Indragirione.com,- Sultan Mehmed II yang lahir pada 833 H (1429 M), Sultan Utsmani ketujuh dalam silsilah keluarga Ustman, bergelar Muhammad Al-Fatih dan Abu Khairat, memerintah kurang lebih selama 30 tahun dan berhasil membawa kebaikan dan kemuliaan bagi kaum muslimin. Dia diangkat menjadi penguasa daulah Ustamniah setelah kematian ayahnya pada 16 Muharram 855 H. Pada waktu itu umurnya baru 22 tahun (Ash-Shalabi, 2015:168).

Dikatakan bahwa ketika menunggu proses kelahiran, Murad II menenangkan dirinya dengan membaca Al-Quran dan lahirlah anaknya saat bacaannya sampai pada surah Al-Fath, surat yang berisi janji-janji Allah akan kemenangan kaum muslim. Sebagai anak laki-laki ketiga, Mehmed tidak diperkirakan siapapun untuk menjadi pengganti Murad II menjadi sultan (Felix Y. Siauw, 2017:43).

Sultan Muhammad Al-Fatih merupakan sultan yang berilmu, sholeh, pemimpin negara dan militer yang hebat. Bahkan mendapatkan bisyarah Nabi Muhammad SAW. Namun tahukah kita? Jauh sebelum menjadi sultan penakluk Konstantinopel, ada sebuah pelajaran sejarah yang jauh lebih penting untuk kita ketahui. Bahkan sejarah beliau dapat ditiru oleh setiap orang tua muslim yang menginginkan anaknya berkarakter seperti Sultan Muhammad Al-Fatih.

Muhammad Al-Fatih di masa kecilnya merupakan seorang anak yang pemalas. Jika pada saat ini banyak orang tua yang memiliki anak yang pemalas, jangan berkecil hati dulu. Terus dididik dengan benar. Sama seperti Muhammad Al-Fatih, bisa menjadi seorang yang besar ketika sebelumnya adalah seorang anak yang malas belajar. Nah, di sini pelajaran penting yang dapat kita ambil dibalik kemalasan Sultan Muhammad Al-Fatih, yaitu hati-hati dengan memberikan  fasilitas kepada anak.

Sejatinya orang tua menyayangi anaknya merupakan hal yang lumrah. Orang tua pasti ingin membahagiakan anak-anak bagaimanapun caranya. Sayangnya banyak orang tua yang tidak menyadari bahwa rasa sayangnya yang berlebihan justru memberikan efek yang kurang baik terhadap psikologis anak. Contohnya seperti memberikan fasilitas kepada anaknya, meski sebenarnya sang anak belum membutuhkannya. Seperti memberikan smartphone atau tablet.
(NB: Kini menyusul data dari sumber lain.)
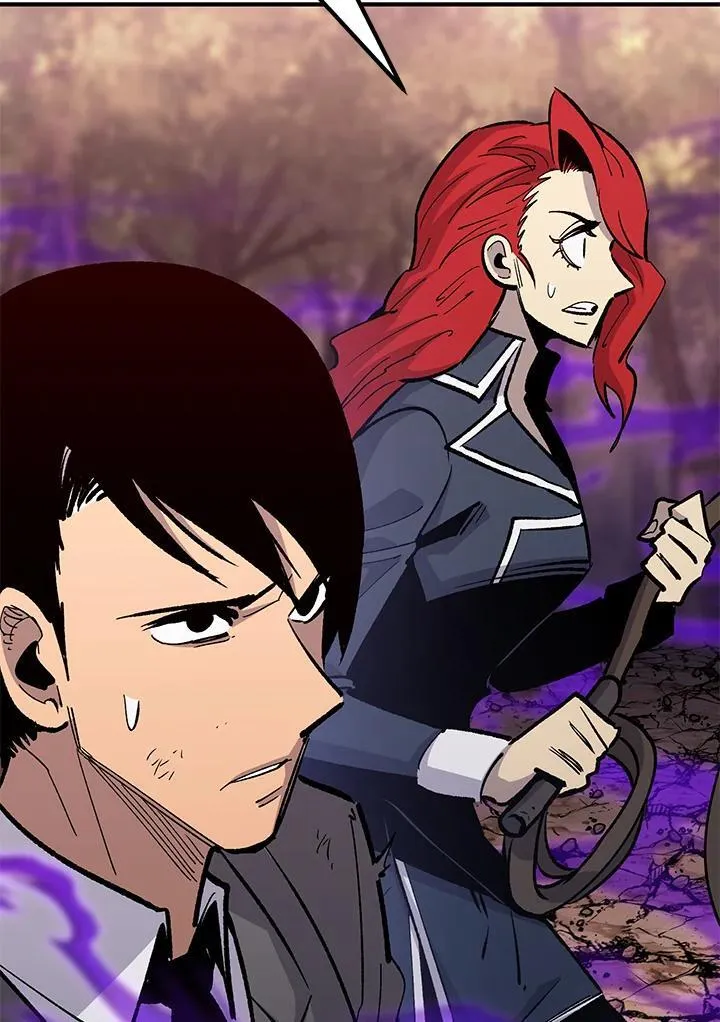 第86话 第65页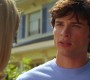503Smallville0414.jpg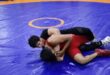 India's women wrestlers push for reforms after sexual harassment case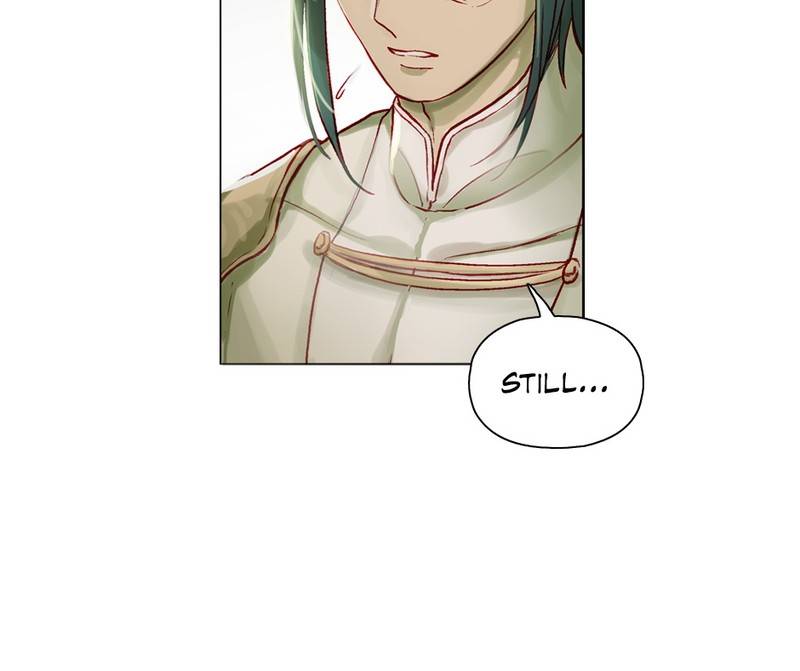 Read Traceless Knight EN Manga Online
Padahal anak belum cukup umur untuk menerima fasilitas terebut. Orang tua sering kali terjebak dengan memberikan barang-barang mewah atau mainan mahal telah memberikan kebahagiaan kepada anak, padahal tanpa disadari orang tua justru telah memanjakan anaknya tersebut. Jika orang tua terlalu memanjakan anaknya, bisa mengakibatkan anak cenderung tak memiliki kemandirian dalam kehidupan sosialnya, mudah menyerah, dan bisa menjadi pribadi yang egois.

Begitu juga yang dialami oleh ayah dan ibu Muhammad Al-Fatih. Karena ayah Muhammad Al-Fatih adalah seorang sultan (Sultan Murad II) yang berkuasa pada tahun 1421-1451 M. Pada saat itu, kekhalifahan Turki Usmani sedang merangkak naik dengan gemuruh kekuatannya. Dengan melihat luas dan besarnya kekhalifahan yang dipimpin sang ayah, tentu Muhammad Al-Fatih kecil mendapatkan banyak sekali fasilitas kerajaan. Seluruh kekayaan sang ayah akhirnya menghasilkan sifat malas pada Muhammad Al-Fatih kecil. Sang sultan kecil merasa paling kaya, paling berilmu, dan paling berkuasa. Padahal ternyata segala kekayaan, keilmuan, dan kekuasaan adalah mutlak milik sang ayah, Sultan Murad II.

Sultan Muhammad Al-Fatih dilahirkan disebuah masa ketika sang ayah Sultan Murad II memerlukan generasi penerus kekhalifahan. Maka Muhammad Al-Fatih kecil menjadi satu-satunya penerus kekhalifahan Turki Usmani setelah meninggalnya sang kakak, Sultan Alauddin di suatu medan jihad.

Masalah kemalasan Muhammad Al-Fatih kecil menjadi PR besar bagi sang ayah, Sultan Murad II. Sultan Murad II adalah ayah yang baik, yang tidak membiarkan anaknya hanya bermain-main. Melainkan mempersiapkan anaknya menjadi lebih baik untuk kelanjutan generasi selanjutnya. Muhammad Al-Fatih masalahnya adalah setiap datang guru yang siap mengajarinya dengan ilmu dan kesholehannya selalu ditertawakan, dilecehkan, dan diabaikan. Ini adalah sebuah potret yang sangat berbahaya bagi sebuah dunia pendidikan. Kalau seorang ahli ilmu atau guru sudah dilecehkan dan tidak ada wibawanya lagi di depan murid, maka ini adalah kiamat pendidikan. Pendidikan generasi tidak akan menghasilkan apa-apa. Karena dalam Islam, menghormati ilmu, menghormati ahli ilmu adalah modal kebesaran.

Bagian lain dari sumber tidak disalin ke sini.